A cervical disc herniation implies a condition where the disc in the neck has ruptured or broken resulting in the internal contents of the disc compressing on a nerve that goes to the arm and hand. This results in neck pain, weakness and numbness going down the arm into the fingers. In most cases, the pain and dysfunction will be temporary and will respond to non-surgical therapies such as steroid injections, NSAIDS, physical therapy and rest.
In some cases, pain and neurological dysfunction persist and require surgery if indicated. In these cases, surgery involves microsurgical disc removal, either anteriorly (from the front) or posteriorly (from the back). Which operation is indicated is mostly dependent on the location of the disc. Most cases will be done anteriorly through the neck's front due to the location of the spinal cord. When done from this approach, a cervical fusion will need to be done using bone or a bone substitute to fill the space from where the disc was removed. Generally an anterior cervical plate will also be used to give the fusion stability.

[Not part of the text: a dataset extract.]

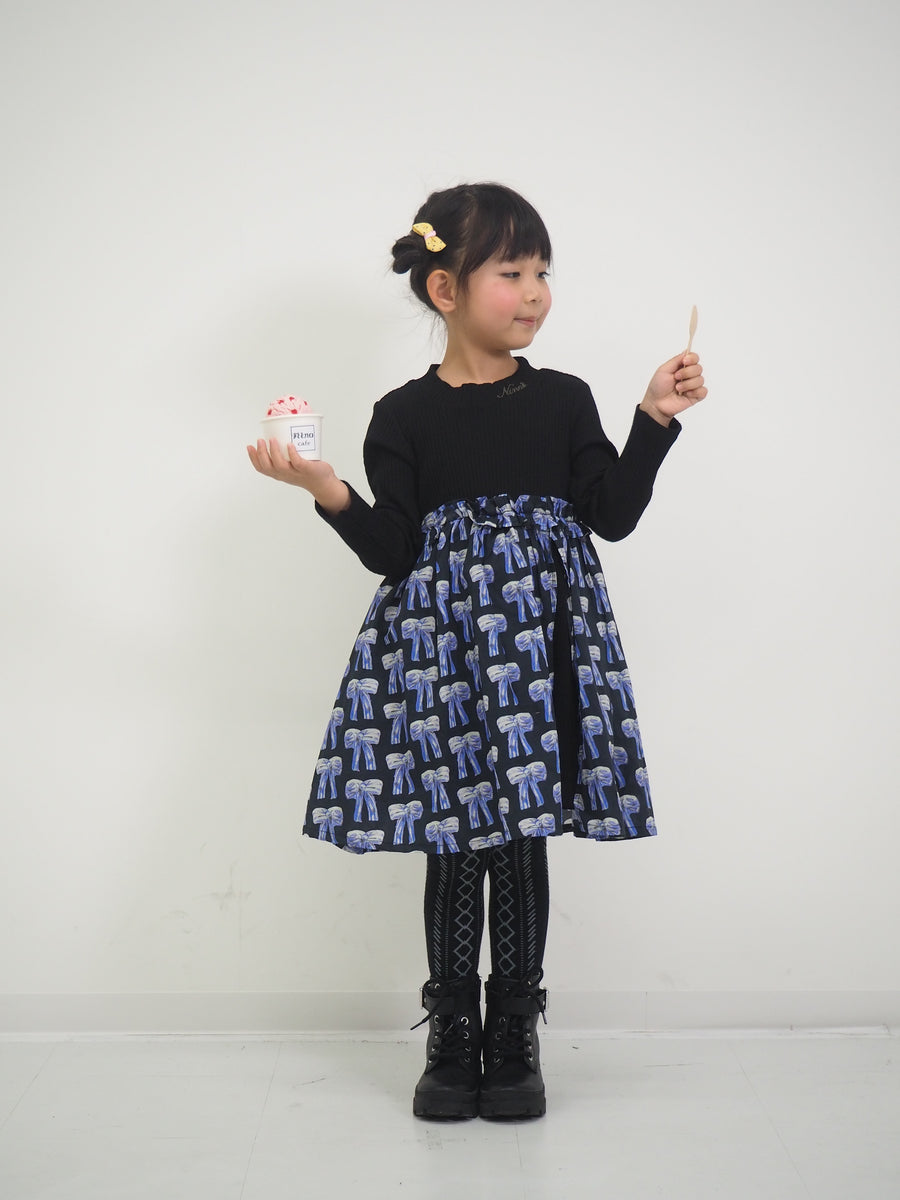 リボンプリントワンピース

Images of Cervical Disc Herniations
This image shows a C6-7 Herniated disc (gold arrow) that was compressing the C7 nerve root, resulting in severe arm pain. After an appropriate trial of conservative therapy had failed, the patient underwent successful C6-7 anterior cervical discectomy and fusion with plating.
A 6 month post-operative CT scan (left) and a 12 month plain x-ray (right) of the cervical spine show a solid fusion at both 6 and 12 months.
A 6 month post-operative CT scan and a 12 month plain x-ray of the neck show a solid fusion at both 6 and 12 months. The bone graft now replaces the disc eliminating any possibility of another herniation.
A titanium anterior cervical plate (OR photo-left, x-ray-right) is used to lock the bone graft in between the vertebral bodies to provide instant stability and facilitate proper bone fusion.